Supplied data:
-*-*-
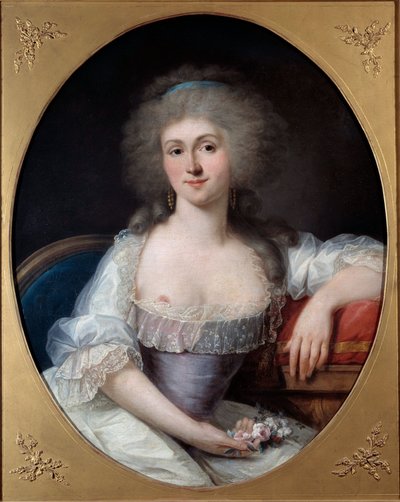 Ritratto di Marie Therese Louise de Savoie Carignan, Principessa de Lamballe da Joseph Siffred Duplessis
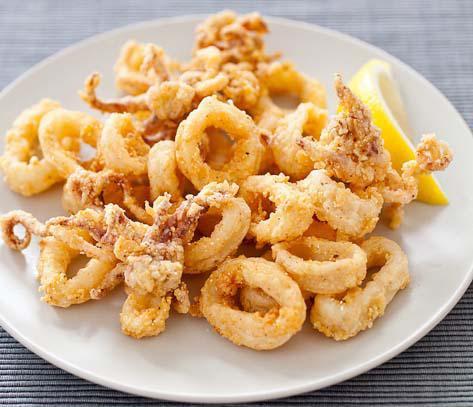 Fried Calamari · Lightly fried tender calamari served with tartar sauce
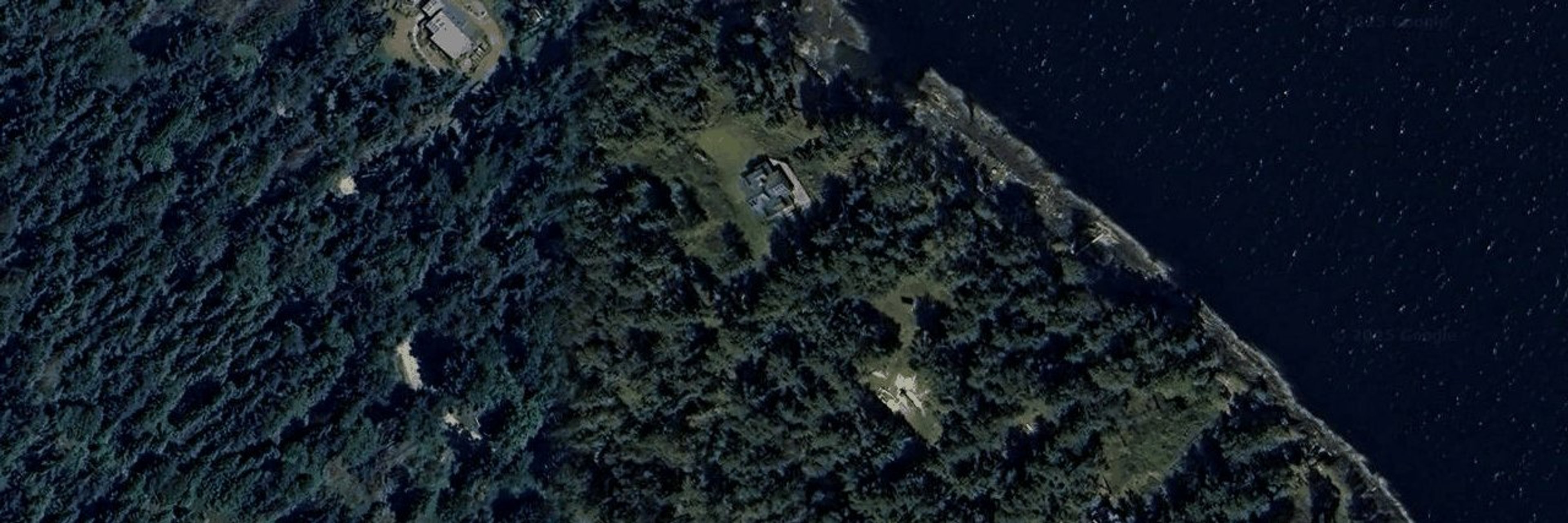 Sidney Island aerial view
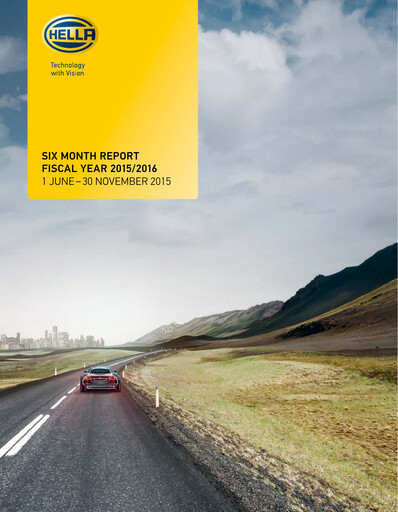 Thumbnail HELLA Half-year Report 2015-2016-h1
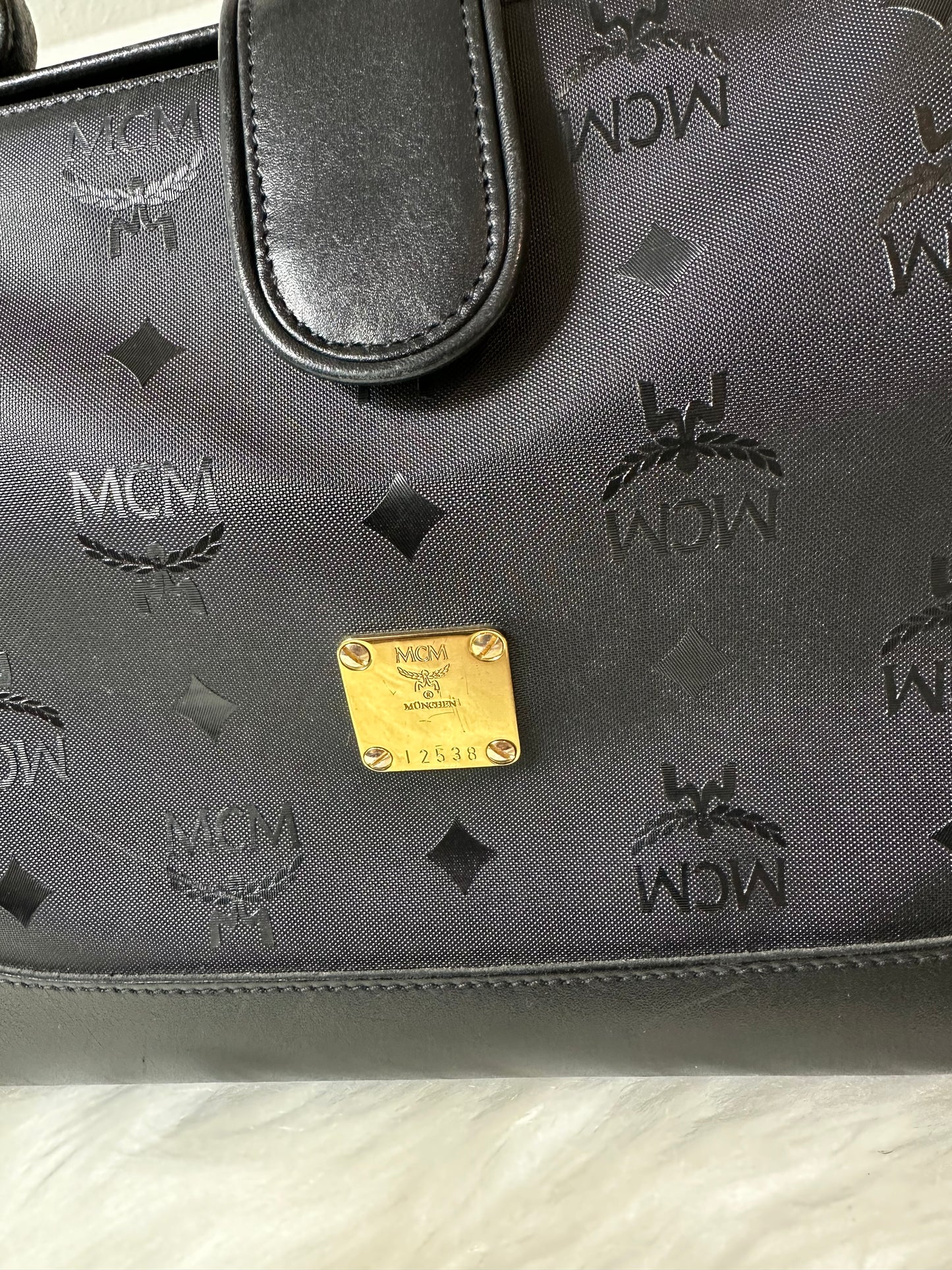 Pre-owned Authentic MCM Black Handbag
-*-*-
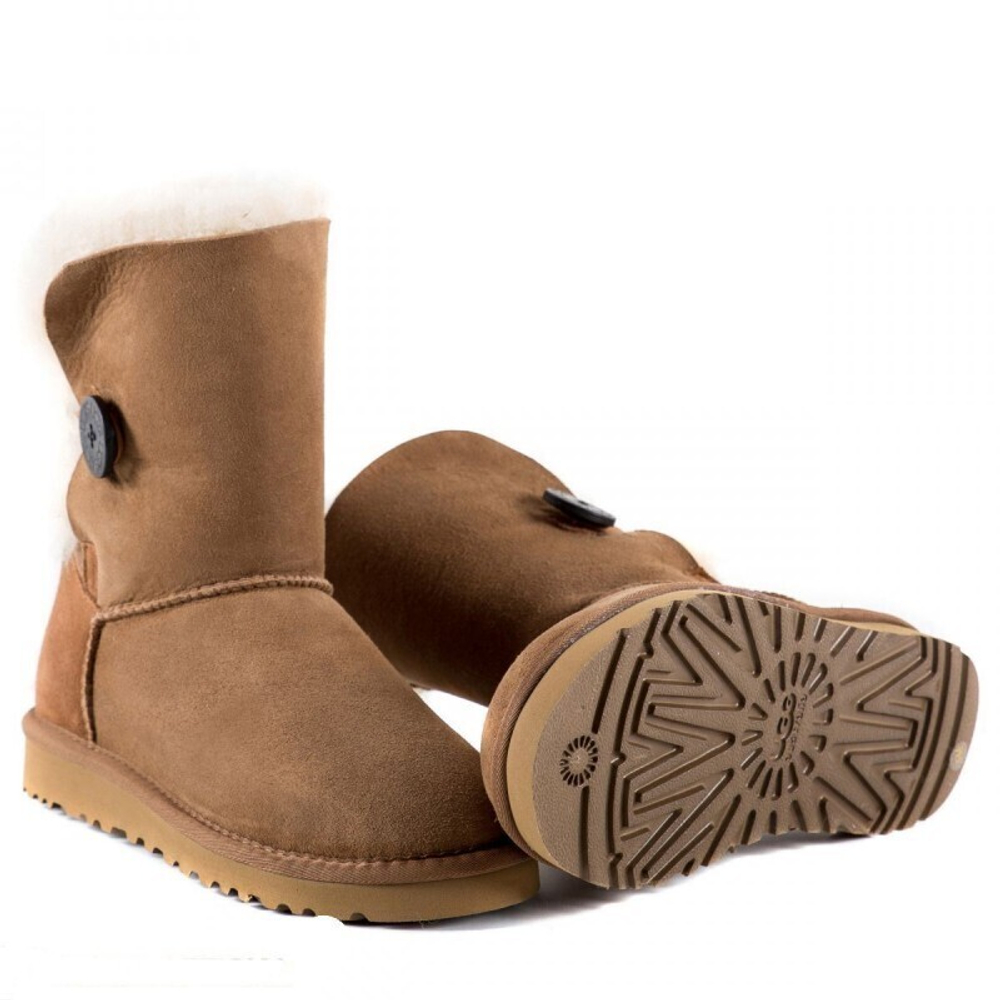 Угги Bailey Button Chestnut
-*-*-
What the task asks:
Restate word for word every line from the one with "Thumbnail HELLA Half-year" up to and including the one with "Pre-owned Authentic MCM Black Handbag" in the records above, minus the pictures.

Answer area:
 Thumbnail HELLA Half-year Report 2015-2016-h1
 Pre-owned Authentic MCM Black Handbag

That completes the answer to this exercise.